Besonders interessant sind die Ergebnisse bezüglich der aktuellen Eskalation der Gewalt in der Türkei. Die Mehrheit der Türken scheint davon auszugehen, dass diese im Zusammenhang mit den angestrebten Neuwahlen im November steht und deshalb von der Regierung ausgelöst wurde. 56% der Befragten sehen Staatspräsident Recep Tayyip Erdoğan als den Verantwortlichen für die Eskalation und 18% Premierminister Ahmet Davutoğlu. Die Opposition aus CHP, MHP und vor allem HDP kommt zusammen auf circa 26%.

Das scheint sich auch in den Ergebnissen der Sonntagsfrage zu spiegeln. Die AKP hat weiter an Zustimmung verloren und kommt auf nur noch 39,2%, die CHP gewinnt leicht und kommt auf 26,4%, die MHP stagniert bei 16%, während die HDP weiter zulegt und 14% erreicht.
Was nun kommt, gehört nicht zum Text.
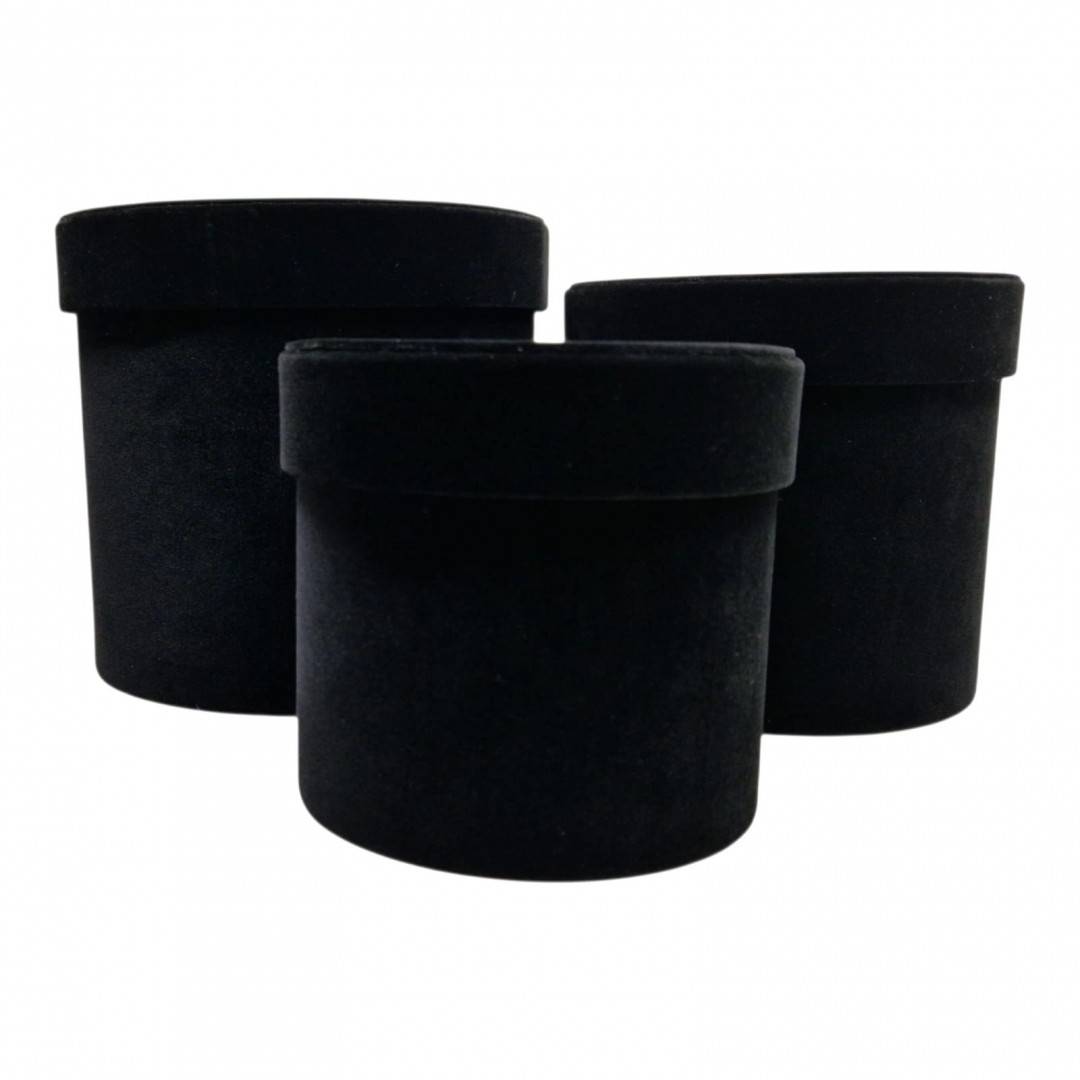 Set 3 cutii rotunde din catifea pentru flori si cadouri, negru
Den aktuellen Ergebnissen zufolge scheint die Strategie der AKP also nicht aufzugehen, vor allem mit Blick auf den Anti-HDP-Kurs und den Versuch, die HDP mit dem PKK-Terror gleichzusetzen und sie so unter die hohe 10-Prozent-Hürde zu drücken.

Bemerkenswert ist in diesem Zusammenhang auch, dass von den Befragten, die angaben, am 7. Juni die HDP gewählt zu haben, 98% sagten, dass sie der linken Partei bei Wahlen im November erneut ihre Stimme geben würden. „Die HDP kann sich weiterhin halten. Ich vermute, dass sie aus diesem Chaos heraus ihren Stimmenanteil wird steigern können“, so Institutsdirektor Gezici.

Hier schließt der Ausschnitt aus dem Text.